It is important to underline that according to the version of Art. 83(2) amended by the EP, all these requirements and those mentioned in the previous sections will not only be applicable to new high-risk AI systems used by public authorities, but also to those that have been put into service before the approval of the AI Act. Art. 83(2) gives providers and deployers of such AI systems two years after the entry into force of the AI Act (which will take place twenty days after its publication) to comply with them. This period is extended to four years in case of the EU large-scale IT systems listed in Annex IX. According to the Commission’s Proposal, pre-existing AI systems used by public authorities only had to comply with it if they were subject to significant changes, which is still the case for AI systems used by private parties.
3. The Administrative Procedure Acts after the AI Act
It follows from what has been seen that the AI Act (especially if it ends up including the EP’s amendments) will have a major impact on EU and Member State public authorities when using or developing AI systems. It will prohibit some AI systems that many public authorities would want to use. It will impose numerous substantive and procedural obligations on them when developing or using high-risk systems, including obligations to conduct a prior impact assessment with extensive consultation before using the system, to register the use of the system in a European database, and to inform and provide a detailed explanation to natural persons affected by decisions based on such systems. The AI act will also impose certain transparency obligations on them when using other non-high-risk AI systems listed in Art. 52 (such as chatbots), and compliance, whenever they use any AI system, with the general principles mentioned before. Compliance with all these prohibitions and obligations will be supervised by independent national supervisory authorities and, in the case of EU authorities, by the EDPS, who may impose heavy fines on them.
On the other hand, the broad concept of provider used in the AI Act prevents public authorities from circumventing the obligations of this act when commissioning external contractors to develop tailor-made AI systems.
All these requirements go far beyond Art. 22 GDPR, which is still applicable, and which only refers to fully automated decisions, not those taken by humans on the basis of automated systems, and to decisions based on the processing of personal data, and not those based on big data (as is usually the case with AI machine learning systems).

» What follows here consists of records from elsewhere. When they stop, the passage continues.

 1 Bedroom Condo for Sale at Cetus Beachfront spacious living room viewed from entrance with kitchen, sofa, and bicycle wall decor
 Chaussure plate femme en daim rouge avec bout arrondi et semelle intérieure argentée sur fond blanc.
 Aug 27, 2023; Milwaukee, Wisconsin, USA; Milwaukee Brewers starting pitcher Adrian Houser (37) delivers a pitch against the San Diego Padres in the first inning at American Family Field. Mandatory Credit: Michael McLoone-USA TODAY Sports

On the other hand, Art. 22 only requires that fully automated decisions taken by public authorities are subject to a specific legal authorisation and to suitable measures to safeguard the rights and freedoms and legitimate interests of the data subject.
The requirements imposed by the AI Act are in my view perfectly compatible with the administrative procedure requirements arising from Art. 41 of the Charter of Fundamental Rights of the EU and national Administrative Procedure Acts (APAs). In particular, the right to an explanation of how the system works is consistent with the administration’s duty to state reasons, which has emerged as a major deterrent to the use of opaque machine-learning algorithms in administrative decision-making. On the other hand, the flexible approach of the AI Act provisions allows them to be complied with both in the framework of fully automated administrative procedures, and in the more usual (and also dangerous) case of semi-automated decisions, taken by a human being but under the determining influence of a computer system.

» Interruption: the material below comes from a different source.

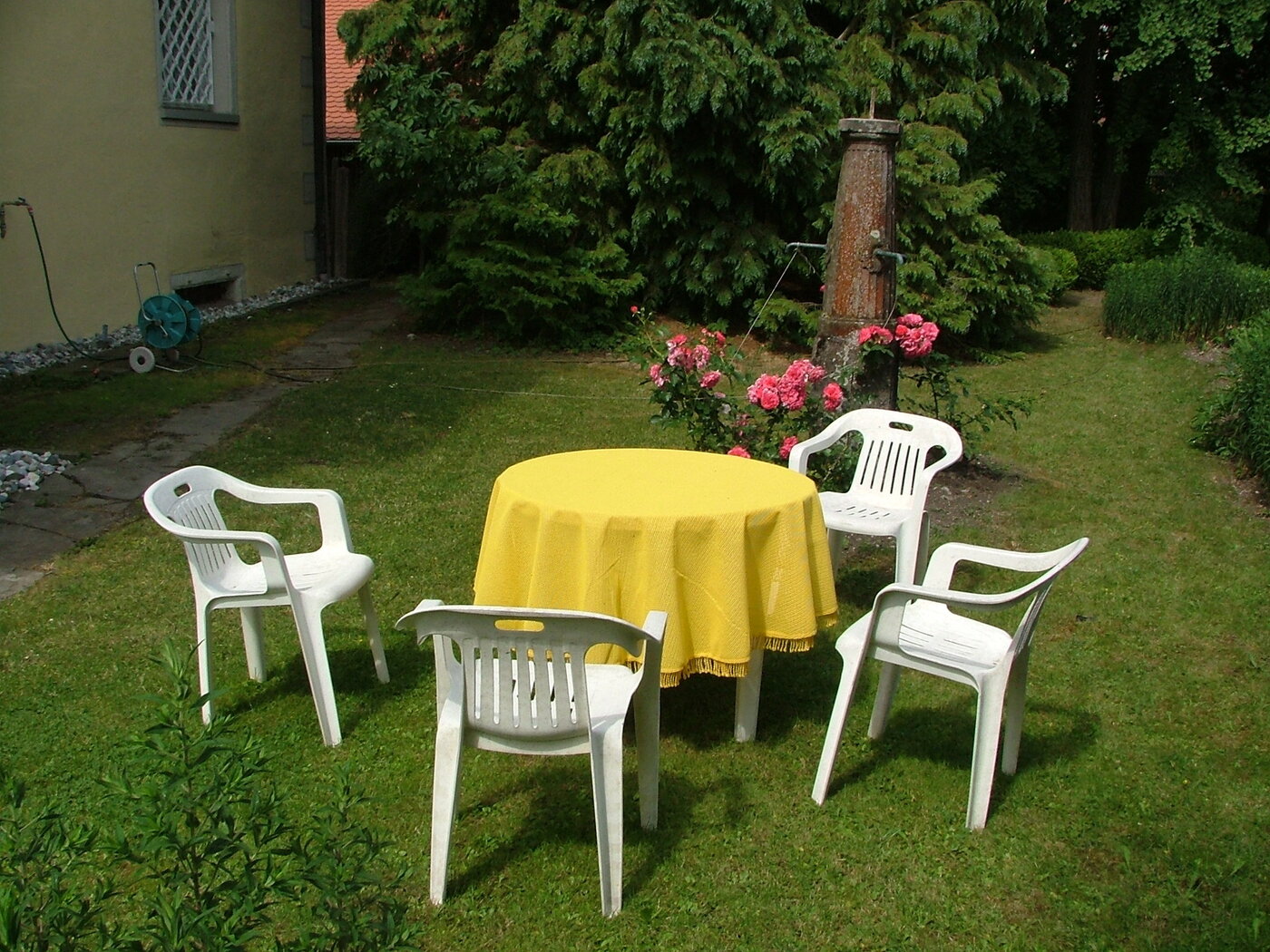 In einem Garten stehen vier Monobloc-Plastikstühle um einen mit einer gelben Tischdecke bedeckten Plastiktisch.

An important question then arises: what margin will have national legislators to develop the provisions of the AI Act regarding the use of AI systems by their public authorities? In my opinion, the AI Act establishes minimum guarantees concerning the use of AI systems by public authorities that cannot be reduced, but which can be increased by national legislators.
The free movement of AI systems that meet the requirements of the AI Act does not prevent a national (or even regional) legislator, in its APA, according to different policy options e.g.:
- To extend the requirements imposed by the AI Act on high-risk systems to other types of systems used by public authorities that do not merit such a classification according to Annex III, establishing e.g. the obligation to carry out a simplified impact assessment or to register them in a local or national database.

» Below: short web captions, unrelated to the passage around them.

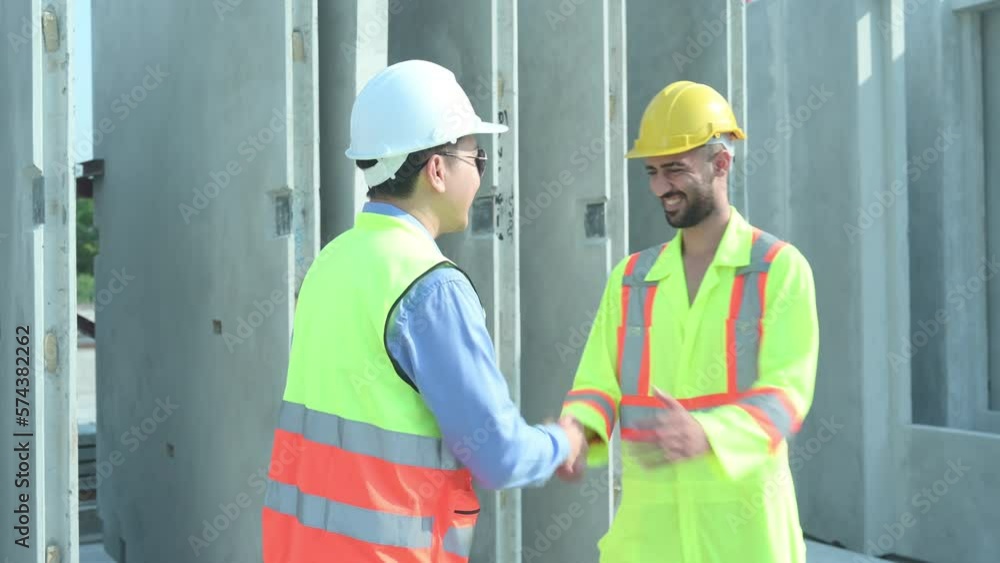 Both of construction engineers verify the constructed precast concrete wall slabs' quality. also to oversee significant construction projects in the construction zone Both of construction engineers verify the constructed precast concrete wall slabs' quality. also to oversee significant construction projects in the construction zone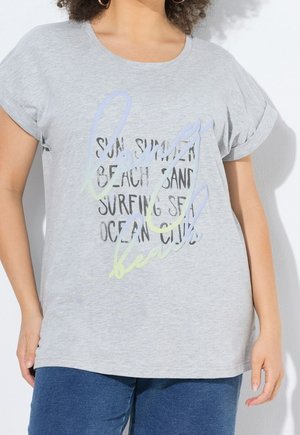 Woman wearing light gray t-shirt with rolled sleeves and pastel text "beach" over black beach-themed words, paired with blue pants.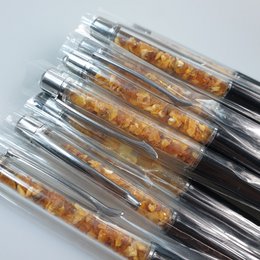 Amber-colored gemstone pen with a sleek, modern design, suitable as a gift for a boss or on Boss Day.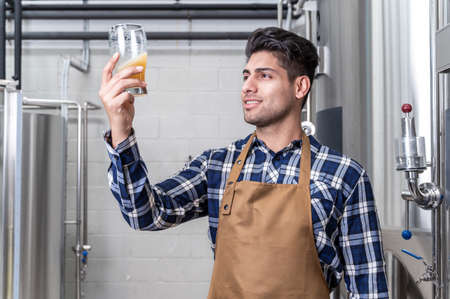 Handsome brewer in apron testing beer at brewery.の写真素材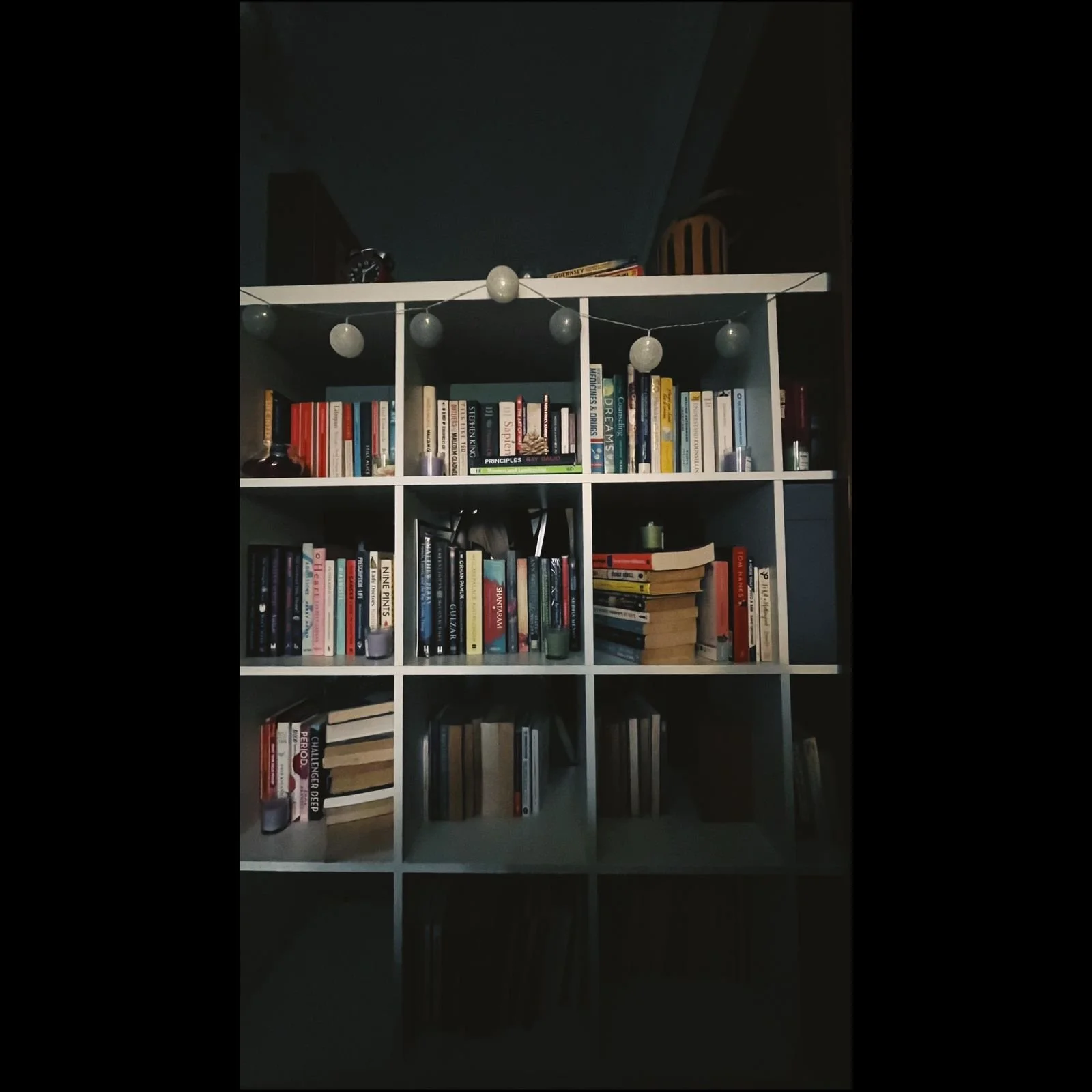 White bookshelf filled with books, decorated with string lights, on top are a clock, some books, and a wooden lantern. The room is dimly lit.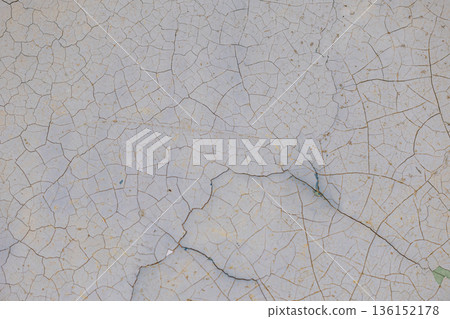 light green concrete wall texture.Texture of cracks on the wall. Old shabby wall. Texture peeling paint. 136152178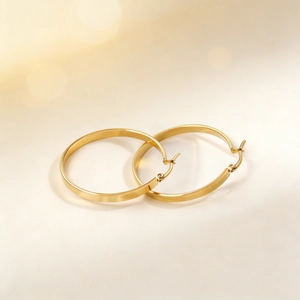 Classic minimalist gold stainless steel hoop earrings with polished metallic finish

- To extend to legal persons affected by decisions based on AI systems the safeguards that the AI Act (under the influence of data protection and the legal basis of Art. 16 TFEU mentioned alongside Art. 114 TFEU in the first citation of the preamble of the AI Act) only provides for natural persons. Natural and legal persons have usually the same procedural rights in their relations with public authorities according to national APAs, and legal persons should also be able to defend themselves adequately when they are subject to a poorly designed or trained AI system used by the administration.
- To add further requirements to the use of AI systems by public authorities, e.g. that a specific legal basis exists (as required by the German APA for fully automated decisions), that the final decision must necessarily be taken by a human being (as required in general by the Austrian APA) or, at least, that a human being must intervene when the person concerned submits arguments in the course of the hearing or lodges an administrative appeal prior to judicial review.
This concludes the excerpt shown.